1086 Teaneck Road, Suite 4C Teaneck, NJ 07666
This consent is for all telehealth services provided to me by the physicians at Teaneck Gastroenterology Associates, (Dr. Michael Schmidt, Dr. Philip Micale, Dr. Adam Palance, Dr. Judy Lin and Dr. Sara Welinsky
TELEHEALTH is the use of the internet to provide remote health care for patients. Such care may come from doctors, nurses, mental health providers and professional health educators.
Specifically, a health care professional will be communicating with me remotely via the internet using doxy.me, a web-based audio-video software (referred to in this form as Telehealth Appointment Doxy.me only hosts the software and does not provide medical advice or information.
TheTelehealth Appointment may be for diagnosis, continuity of care, treatment, testing or medical consultation deemed necessary by my healthcare provider for me.

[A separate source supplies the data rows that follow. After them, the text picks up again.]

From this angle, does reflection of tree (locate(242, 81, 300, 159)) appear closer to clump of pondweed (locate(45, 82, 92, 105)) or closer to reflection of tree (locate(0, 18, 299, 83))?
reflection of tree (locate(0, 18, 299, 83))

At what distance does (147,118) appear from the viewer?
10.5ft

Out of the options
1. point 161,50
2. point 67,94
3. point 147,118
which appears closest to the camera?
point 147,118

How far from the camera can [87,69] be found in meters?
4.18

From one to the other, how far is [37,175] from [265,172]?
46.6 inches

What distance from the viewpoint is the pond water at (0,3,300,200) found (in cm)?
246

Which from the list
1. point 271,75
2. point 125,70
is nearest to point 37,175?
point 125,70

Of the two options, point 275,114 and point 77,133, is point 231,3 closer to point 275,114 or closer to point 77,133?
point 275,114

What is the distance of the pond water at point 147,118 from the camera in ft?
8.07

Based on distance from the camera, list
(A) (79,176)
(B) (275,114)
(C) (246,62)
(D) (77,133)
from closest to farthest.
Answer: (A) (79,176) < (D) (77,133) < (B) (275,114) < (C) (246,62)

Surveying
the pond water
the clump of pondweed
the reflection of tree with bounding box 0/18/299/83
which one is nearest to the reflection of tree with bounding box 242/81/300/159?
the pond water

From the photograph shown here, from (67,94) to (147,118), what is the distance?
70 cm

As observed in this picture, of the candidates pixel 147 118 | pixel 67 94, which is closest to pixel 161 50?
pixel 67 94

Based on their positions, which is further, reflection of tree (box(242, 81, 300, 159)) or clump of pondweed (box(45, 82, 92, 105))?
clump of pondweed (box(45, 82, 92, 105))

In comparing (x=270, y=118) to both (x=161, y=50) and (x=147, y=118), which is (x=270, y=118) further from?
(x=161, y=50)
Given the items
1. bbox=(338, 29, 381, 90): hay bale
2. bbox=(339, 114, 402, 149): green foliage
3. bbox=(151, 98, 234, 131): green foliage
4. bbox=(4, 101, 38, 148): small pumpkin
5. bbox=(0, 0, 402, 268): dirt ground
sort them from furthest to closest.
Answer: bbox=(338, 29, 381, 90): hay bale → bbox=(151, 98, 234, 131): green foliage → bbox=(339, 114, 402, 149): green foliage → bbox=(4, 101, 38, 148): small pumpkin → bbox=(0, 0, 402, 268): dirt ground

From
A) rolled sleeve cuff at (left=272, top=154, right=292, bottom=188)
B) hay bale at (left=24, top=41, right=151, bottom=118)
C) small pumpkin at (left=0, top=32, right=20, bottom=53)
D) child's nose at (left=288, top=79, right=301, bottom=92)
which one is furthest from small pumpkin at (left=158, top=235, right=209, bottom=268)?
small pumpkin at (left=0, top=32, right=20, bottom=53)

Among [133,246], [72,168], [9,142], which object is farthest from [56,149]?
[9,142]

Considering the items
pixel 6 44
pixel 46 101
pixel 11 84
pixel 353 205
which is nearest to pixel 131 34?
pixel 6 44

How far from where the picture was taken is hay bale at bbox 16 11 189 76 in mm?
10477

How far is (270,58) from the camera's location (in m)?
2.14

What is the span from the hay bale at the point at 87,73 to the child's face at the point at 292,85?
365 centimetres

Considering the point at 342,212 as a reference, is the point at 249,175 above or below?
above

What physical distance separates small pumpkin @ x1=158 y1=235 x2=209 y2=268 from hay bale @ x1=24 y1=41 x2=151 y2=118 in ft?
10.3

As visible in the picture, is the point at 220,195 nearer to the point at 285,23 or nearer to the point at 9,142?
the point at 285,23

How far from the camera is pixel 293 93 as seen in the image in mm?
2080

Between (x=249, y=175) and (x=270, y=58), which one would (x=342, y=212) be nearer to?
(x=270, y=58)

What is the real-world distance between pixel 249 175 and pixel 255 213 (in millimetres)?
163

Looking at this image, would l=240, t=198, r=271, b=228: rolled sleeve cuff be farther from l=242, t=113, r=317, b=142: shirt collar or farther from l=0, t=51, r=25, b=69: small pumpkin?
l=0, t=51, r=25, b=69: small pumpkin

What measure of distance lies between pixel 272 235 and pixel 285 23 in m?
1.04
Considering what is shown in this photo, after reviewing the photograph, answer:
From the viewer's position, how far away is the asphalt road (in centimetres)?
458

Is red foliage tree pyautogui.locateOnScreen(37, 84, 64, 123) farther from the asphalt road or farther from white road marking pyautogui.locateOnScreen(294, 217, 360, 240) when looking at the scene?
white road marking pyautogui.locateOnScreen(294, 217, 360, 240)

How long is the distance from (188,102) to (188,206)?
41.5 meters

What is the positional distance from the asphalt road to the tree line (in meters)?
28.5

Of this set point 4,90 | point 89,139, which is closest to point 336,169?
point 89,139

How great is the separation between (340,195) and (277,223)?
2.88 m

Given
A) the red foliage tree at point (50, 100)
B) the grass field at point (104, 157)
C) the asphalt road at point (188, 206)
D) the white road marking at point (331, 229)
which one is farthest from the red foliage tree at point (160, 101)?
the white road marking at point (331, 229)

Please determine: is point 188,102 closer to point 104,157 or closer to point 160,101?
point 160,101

I UNDERSTAND that during a Telehealth Appointment:
Details of my medical history and personal health information may be discussed with me and or other health professionals. Audio, video or photo recordings containing medical details may be transmitted via secure channels and those details may become part of my permanent medical record. All confidential protections granted to me by various state and federal laws also apply to my care during this appointment. Industry-standard network and software security protocols are in place that protect the privacy of the communication and safeguard my transmitted information against eavesdropping and corruption. There may be security and privacy risks associated with Internet-based communications. Either my Healthcare Provider or I can discontinue the Telehealth appointment if either of us feels that the information obtained through remote communications is not adequate for diagnostic decision-making or for providing the care I desire. In addition to my healthcare provider (named above), I will be informed of any other persons who may be present during the appointment and have the right to have them leave the viewing and listening area. To maintain my privacy, I need to ensure that my viewing and listening area is limited to myself and any other person that has a need to participate during the virtual appointment. Dueto the limitations of telehealth that are out of my control (such as an unreliable internet connection) I will call local authorities (9-1-1) to assist me with a medical emergency. I have the right to omit or withhold specific details of my medical history/physical examination that are personally sensitive. My Healthcare Provider may advise me to seek immediate treatment or determine that there is a medical emergency and, as such, local authorities may be given my personal details to assist me. The communication is privileged and confidential, and I will not record the audio or video without first seeking the permission of my Healthcare Provider.
THEREFORE, BY CONSENTING TYO THIS TELEHEALTH APPOINTMENT:
1.I desire to engage in remote audio-visual communication with my healthcare provider. 2.I understand that the risks and benefits of using internet-based communications and that no results can be guaranteed. I acknowledge that if the Healthcare Provider believes that remote communication is insufficient for treatment, consultation, or evaluation, then I will be offered alternative services or options. 4.Iunderstand that I may be responsible for copayments, deductibles, or other charges from my Healthcare Provider, and other charges may occur for services related to this appointment. 5.I understand that some parts of the exam involving physical tests may be conducted by individuals at my location, or at a testing facility, at the direction of the Healthcare Provider. 6. I can ask direct questions to my Healthcare Provider about this appointment, including details about the Healthcare Provider's Privacy Policy. 7.If my questions are not answered to my satisfaction, I have the right to terminate the appointment. 8.I am at least 18 years of age.